Would you output the listing exactly, with every image omitted?

# PROVIDED DATA
┄┄┄┄┄┄
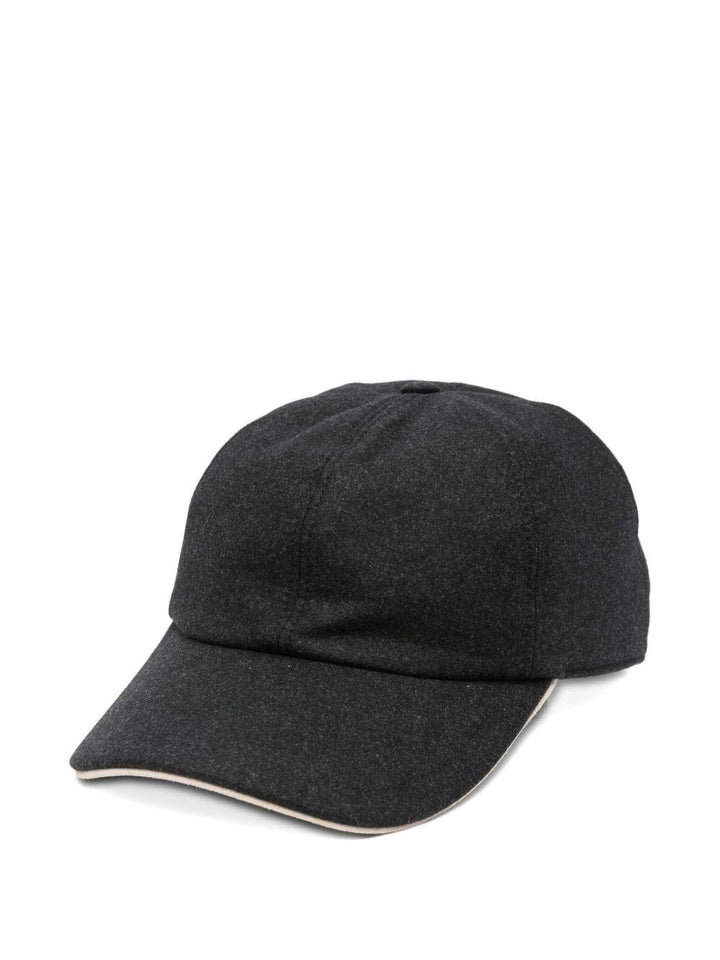 Cappello da baseball nero in lana con visiera curva 
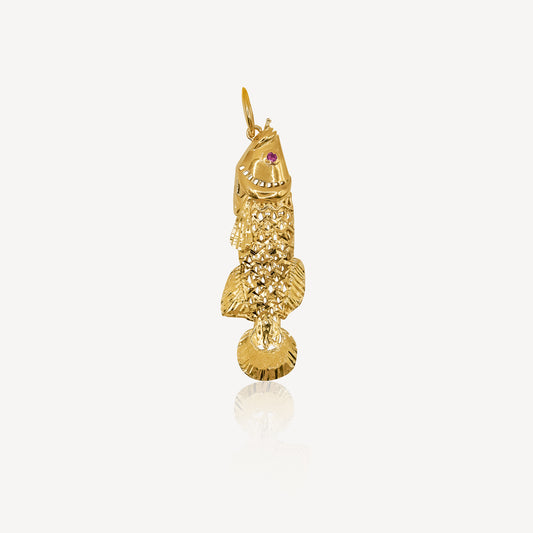 916 Gold Fish Pendant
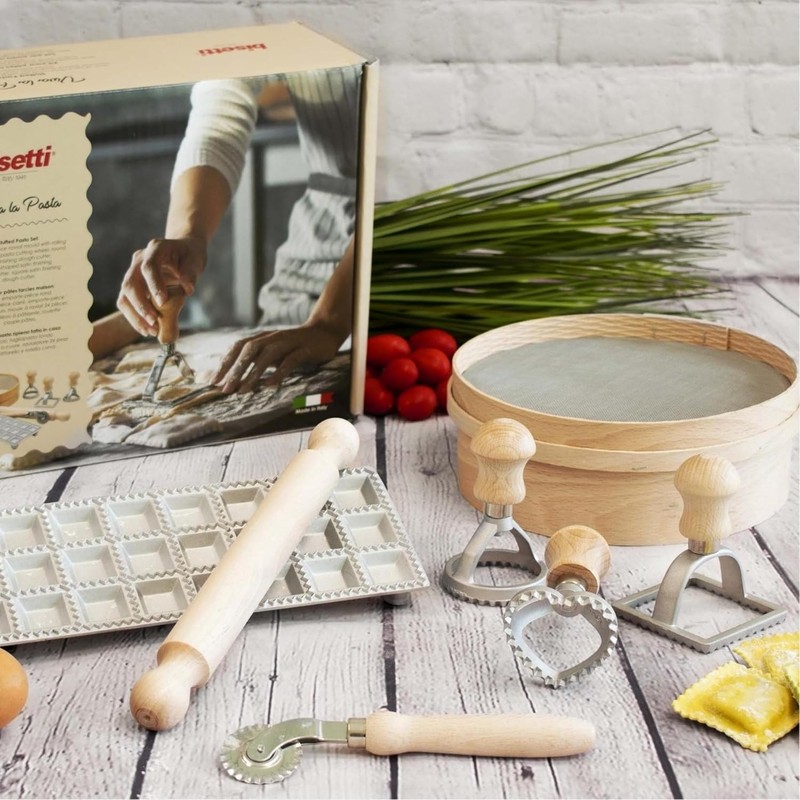 Bisetti 7 Piece Complete Pasta Kit for Ravioli Including: Rolling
┄┄┄┄┄┄
# THE ANSWER
 Cappello da baseball nero in lana con visiera curva 
 916 Gold Fish Pendant
 Bisetti 7 Piece Complete Pasta Kit for Ravioli Including: Rolling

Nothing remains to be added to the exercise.